Amira Hass | Haaretz

Na manhã de domingo, 14 de abril, Imad Abu Alia, da aldeia de Al-Mughayyir, finalmente atendeu seu telefone. Pelo som de sua voz, ficou evidente que ele estava entre os feridos no ataque de israelenses à aldeia, localizada a nordeste de Ramallah, dois dias antes.

Colonos mascarados ao lado da aldeia de Al-Mughayyir, no mês passado | Crédito: AFP

"Estou no hospital desde sexta-feira", disse. Sem perder tempo para descrever seus ferimentos, voltou-se para o assunto de suas ovelhas e cabras: "Roubaram todo o rebanho, 120 ovelhas". Quando alguns israelenses levaram duas de suas ovelhas no início de março, ele ficou furioso, então não era difícil imaginar como ele estava se sentindo agora. "O que vou fazer sem eles?", perguntou com a voz embargada. "Eu tenho que recuperá-los."
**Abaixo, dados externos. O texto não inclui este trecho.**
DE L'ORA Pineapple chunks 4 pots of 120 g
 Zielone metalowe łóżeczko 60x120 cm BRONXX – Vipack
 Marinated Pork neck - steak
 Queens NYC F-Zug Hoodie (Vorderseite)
Abu Alia não é a única vítima de tais roubos. Nos últimos meses, o Haaretz soube de vários casos de israelenses armados – às vezes com uniformes das Forças de Defesa de Israel e geralmente vestindo trajes religiosos judaicos – roubando ovelhas e cabras palestinas. Os incidentes ocorreram em locais onde o número de fazendas de ovelhas israelenses cresceu na última década. Eles foram erguidos sem autorização formal e são ilegais de acordo com a lei internacional e local, mas prosperaram.
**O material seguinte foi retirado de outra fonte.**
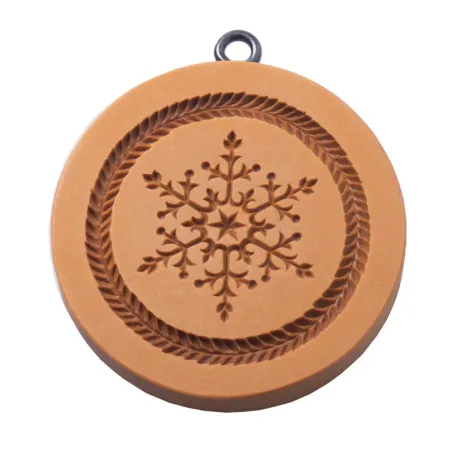 Springerle model snowflake Ø 68 mm for Tirggel and Anisbrötli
Mais tarde, no mesmo domingo, em um hospital de Ramallah, Abu Alia contou sua história: "Eu orei rapidamente ao meio-dia de sexta-feira porque sabia que os colonos estavam cercando a aldeia. Foi quando se soube que um menino colono estava desaparecido. Guardo minhas ovelhas em um curral em uma estrutura que comecei a construir em uma área nivelada da aldeia. Quando saí da mesquita, vi massas de colonos. Vi que vários deles estavam arrombando o curral e tirando ovelhas e cabras. Eu queria pegar meu burro e sair para buscá-los. Mas os colonos me atacaram como uma rajada de chuva."

Abu Alia diz que os colonos o espancaram com paus e pedras, fazendo com que ele perdesse a consciência. Ninguém filmou os incidentes, tanto por medo quanto porque eles estavam muito ocupados tentando salvar a si mesmos e aos outros. Mas sua costela fraturada, seu rosto inchado, a dificuldade com que fala, a inflamação que se desenvolveu em seu ouvido direito e dores na cabeça e no corpo oferecem ampla evidência do que aconteceu.
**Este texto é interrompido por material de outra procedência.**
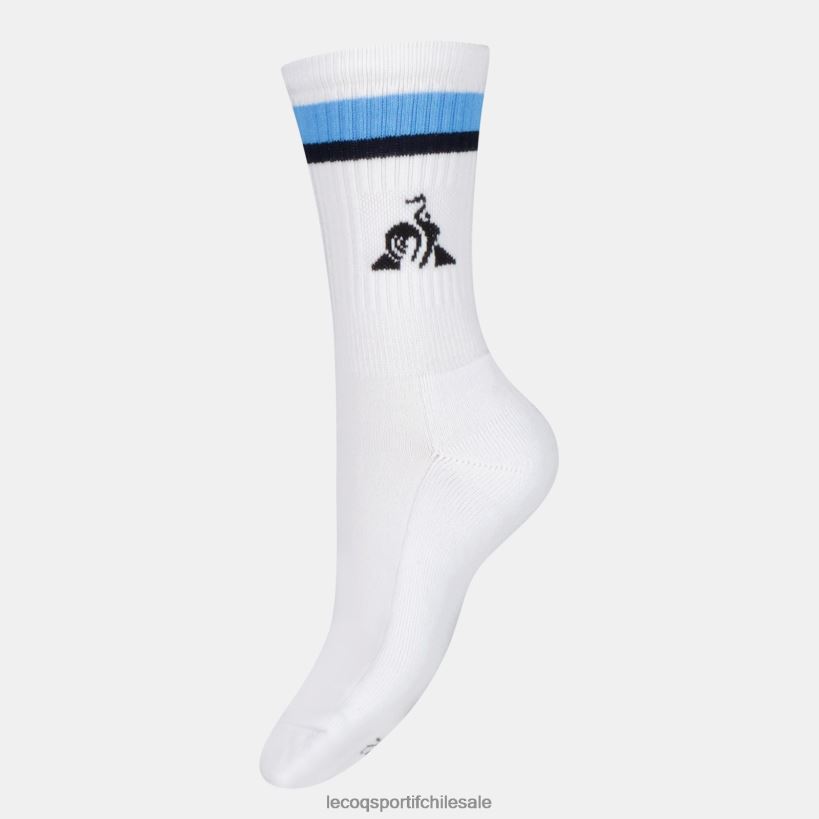 hombres calcetines de futbol blancos T24B2288 Le Coq Sportif accesorios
Além disso, sua casa e seu curral de ovelhas, juntamente com cerca de outras 12 casas e cerca de 30 carros, foram incendiados pelos atacantes, enquanto soldados das FDI estavam de prontidão. Mais tarde, 20 cabras foram encontradas mortas a tiros, deitadas no seu sangue no curral de ovelhas de outro aldeão.

Os moradores de Al-Mughayyir dizem que os israelenses dispararam para o ar quando alguém tentou repeli-los e proteger sua casa. Jihad Abu Alia, de 25 anos, foi baleado e morreu em decorrência dos ferimentos. Moradores dizem que ele foi baleado por um civil israelense, não por um soldado.

A irmã de Imad, seu irmão e outros parentes estavam entre os 22 moradores que também ficaram feridos pelo tiroteio. Devido às barreiras de terra erguidas pelo exército nas estradas que ligam a vila a outras próximas e ao portão de aço trancado na estrada que leva à Allon Road, a evacuação dos feridos foi atrasada em duas horas. Se Jihad tivesse chegado a um hospital a tempo, ele poderia ter sido salvo.

Conheci Imad, que tem 48 anos, e seu rebanho de ovelhas pela primeira vez no final de março nas encostas de uma colina verde que se eleva suavemente da planície da aldeia. Para o leste corre a Allon Road. Imad disse então que, em 5 de março, quatro israelenses (dois com roupas civis e dois fardados) haviam roubado um carneiro e uma ovelha bem à sua frente enquanto pastavam na mesma colina. Eles chegaram em um veículo Toyota e o abordaram em um olival, exigindo ver sua carteira de identidade e ameaçando-o com uma arma antes de sair com as ovelhas.

No dia anterior, nada menos que 29 cabeças de ovelhas foram roubadas de quatro irmãos pertencentes à família Ghnaimat e seu vizinho da aldeia de Kafr Malik. Cerca de 14 israelenses – civis e soldados – os emboscaram enquanto cuidavam de seus rebanhos nas encostas de uma montanha a oeste da Allon Road. Durante o ataque, seis pessoas vestidas com roupas civis conseguiram tirar cerca de 350 ovelhas de seus donos, diz Abdel Karim Ghnaimat. Ele, junto com seu irmão e um vizinho, conseguiu trazer a maioria deles de volta para a aldeia.

As casas em Kafr Malik estão espalhadas por alguns cumes altos ao sul de Al-Mughayyir. Como seus vizinhos em Al-Mughayyir, os moradores de Kafr Malik têm terras situadas a leste da Allon Road.
Como foi relatado no Haaretz várias vezes, ataques e ameaças de colonos em postos avançados próximos reduziram gradualmente as áreas de pastagem que foram usadas pelos palestinos muito antes de Israel ser estabelecido. A perda de acesso às áreas de pastagem e o alto custo de compra de alimentos para seus animais forçaram as famílias a vender seus rebanhos.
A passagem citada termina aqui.